AKP yönetimi kan, gözyaşı ve acı içinde kıvranan bir toplum yarattı. Halklarımız her gün yeni bir felaket haberiyle sarsılıyor.

 

 

AKP yönetimi kan, gözyaşı ve acı içinde kıvranan bir toplum yarattı. Halklarımız her gün yeni bir felaket haberiyle sarsılıyor. Bu defa 33 askerin ölüm haberi… Bir kez daha hükümetin çıkar hesaplarına Suriye topraklarında kurban verilmiş onlarca can…

Yetkililerin açıklamalarına bakınca devam edeceği görünen felaketlerden kurtulmanın ancak bu felaketin sorumlularından kurtulmakla mümkün olacağını gösteriyor. Bir alternatif yaratmanın zaruret haline geldiği bir süreç içindeyiz. Özellikle CHP’nin bu yaşananlardan bir ders çıkararak farklı bir rota çizmesi gerek. CHP açıkça savaşa karşı çıkmalıdır. Suriye’de cihatçılara kalkan olma politikalarına son verilmeli, Suriye’den tüm yabancı güçler çekilmelidir.

AKP’nin artık bir yaşam biçimi haline getirdiği, “vatan, millet, bayrak, ezan, şehit…” gibi kavramlar üzerinden köşeye sıkıştırdığı muhalefetin gerçekleri irdeleyerek yeni tarz bir siyaset geliştirmemesi halinde AKP’nin yaşanan bunca acıya, iflas etmiş yayılmacı politikalara rağmen işin içinden sıyrılıp çıkması pek ala mümkün.

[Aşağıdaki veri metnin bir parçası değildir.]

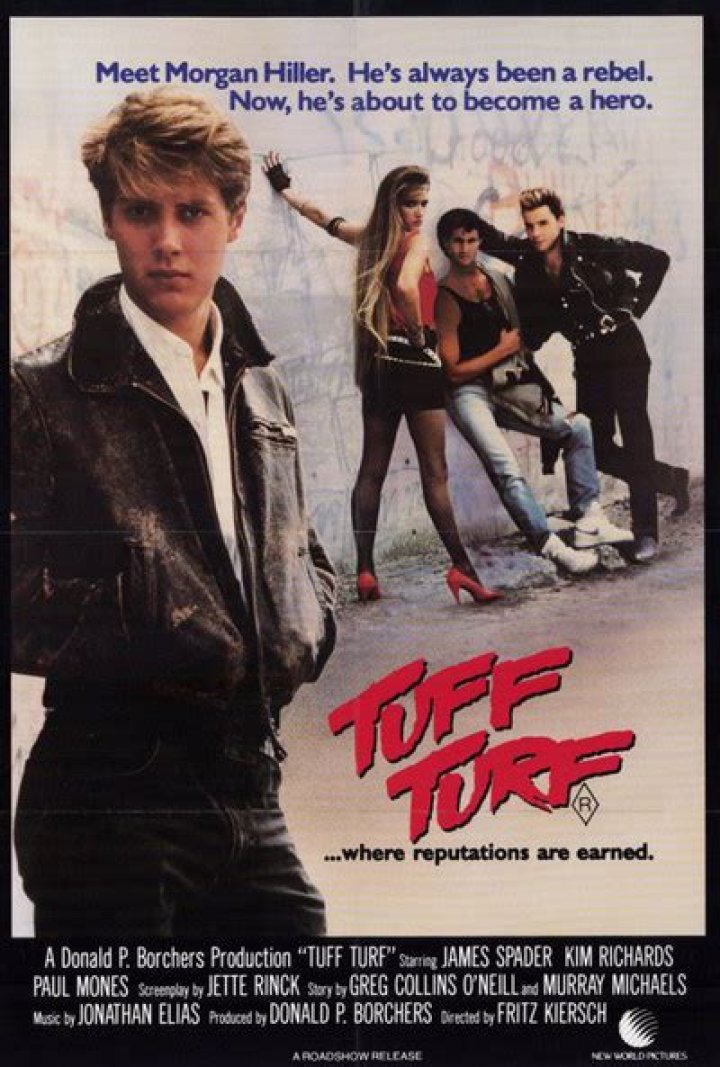 Movie Review Tuff Turf (1985) Go Retro!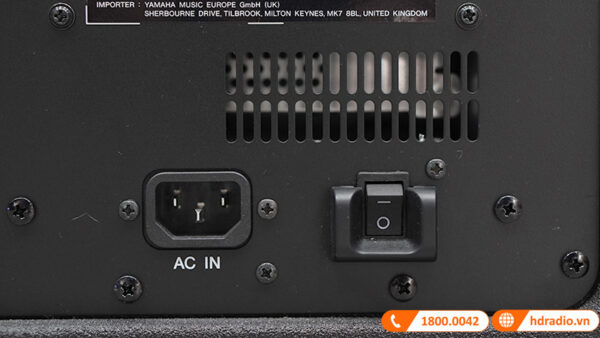 Loa Yamaha Stagepas 1K MKII, công suất 1100W, Mixer 5 kênh, Bluetooth 5.0 (Loa Column Array)-14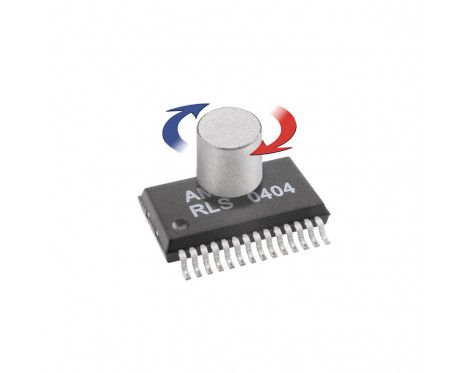 AM256 磁気式ロータリ 8bit センサー IC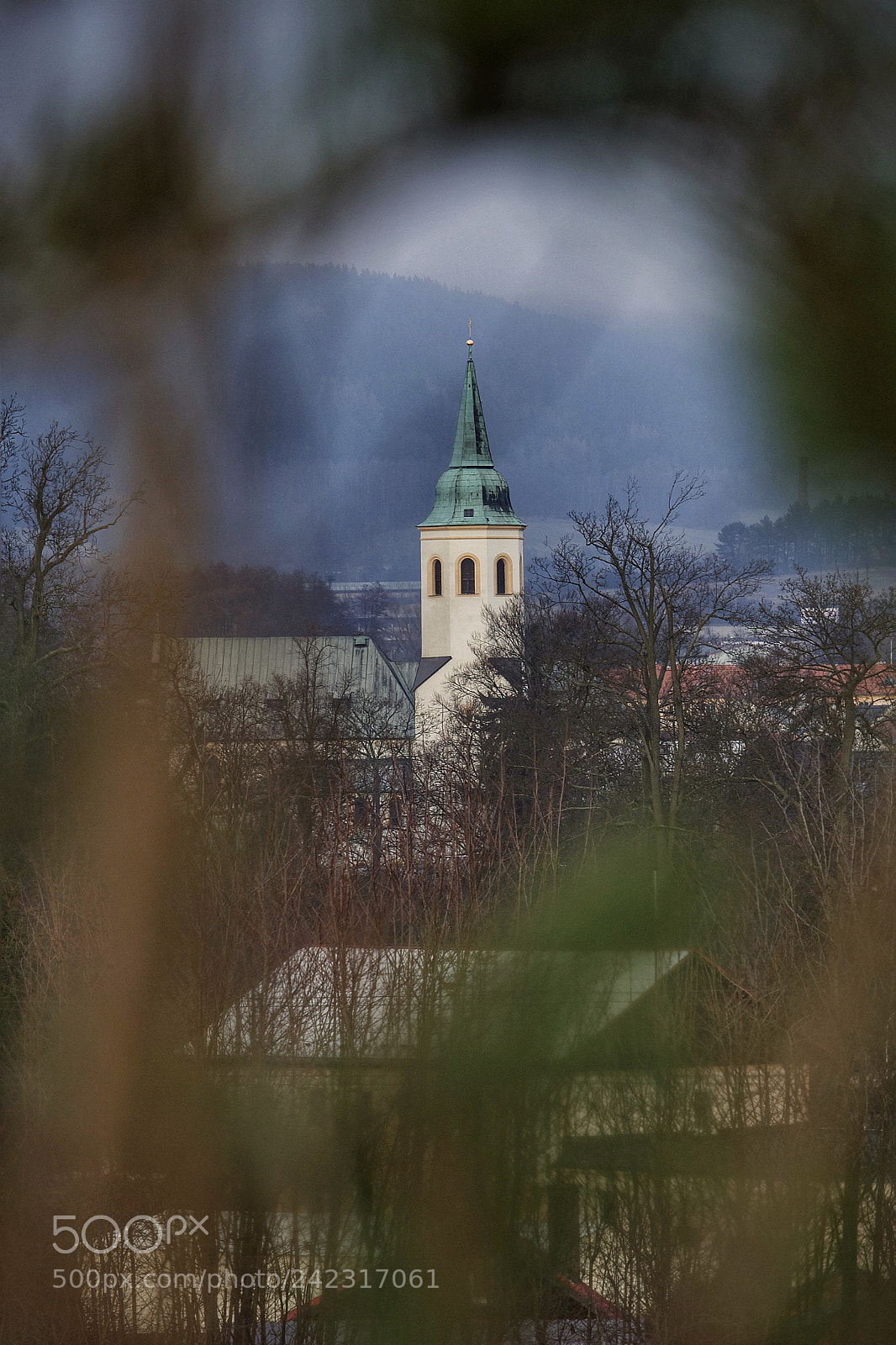 Canon EOS 1300D (EOS Rebel T6 / EOS Kiss X80) sample photo. Tower of the church photography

Oysa çılgın projelerin mimarı olmakla övünen 18 yıllık AKP yönetiminin neo-Osmanlıcı çılgın emperyal hedefleri, her seferinde acılarımıza acılar, sorunlarımıza yeni sorunlar ekliyor.

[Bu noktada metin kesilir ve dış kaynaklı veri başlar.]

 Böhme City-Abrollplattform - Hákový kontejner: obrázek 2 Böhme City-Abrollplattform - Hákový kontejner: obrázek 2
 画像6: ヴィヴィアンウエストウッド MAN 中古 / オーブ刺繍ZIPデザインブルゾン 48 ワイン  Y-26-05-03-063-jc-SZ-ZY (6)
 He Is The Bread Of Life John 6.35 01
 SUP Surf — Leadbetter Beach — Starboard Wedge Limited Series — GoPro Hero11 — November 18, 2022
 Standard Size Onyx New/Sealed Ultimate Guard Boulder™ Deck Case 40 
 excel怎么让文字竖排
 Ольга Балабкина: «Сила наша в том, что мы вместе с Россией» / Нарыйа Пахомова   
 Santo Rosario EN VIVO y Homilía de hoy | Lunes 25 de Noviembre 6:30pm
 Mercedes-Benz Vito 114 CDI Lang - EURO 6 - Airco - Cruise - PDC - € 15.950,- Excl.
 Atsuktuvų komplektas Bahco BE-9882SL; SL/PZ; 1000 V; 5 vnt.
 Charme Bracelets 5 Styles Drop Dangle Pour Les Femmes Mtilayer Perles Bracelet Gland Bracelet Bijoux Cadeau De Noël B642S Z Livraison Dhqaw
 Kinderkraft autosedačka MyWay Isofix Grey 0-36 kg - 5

Bir yandan ekonomik kriz, bir yandan deprem felaketleri diğer yanda savaş politikasının ağır sonuçlarıyla boğulmanın müsebbibidir AKP. Rant ve kar odaklı yapılaşmanın sonucu olarak depremler ölümlere ve sonrasında sefalete, acıya ve yoksulluk içinde bir yaşama neden olurken, insanlar başını sokacak dört duvar bulamazken “itibardan tasarruf olmaz” diyen iktidar savurganlığını sürdürüyor. Kızılay gibi bir kurum bile, Ali Cengiz oyunlarıyla yandaşlığın aracı haline getirilebiliyor.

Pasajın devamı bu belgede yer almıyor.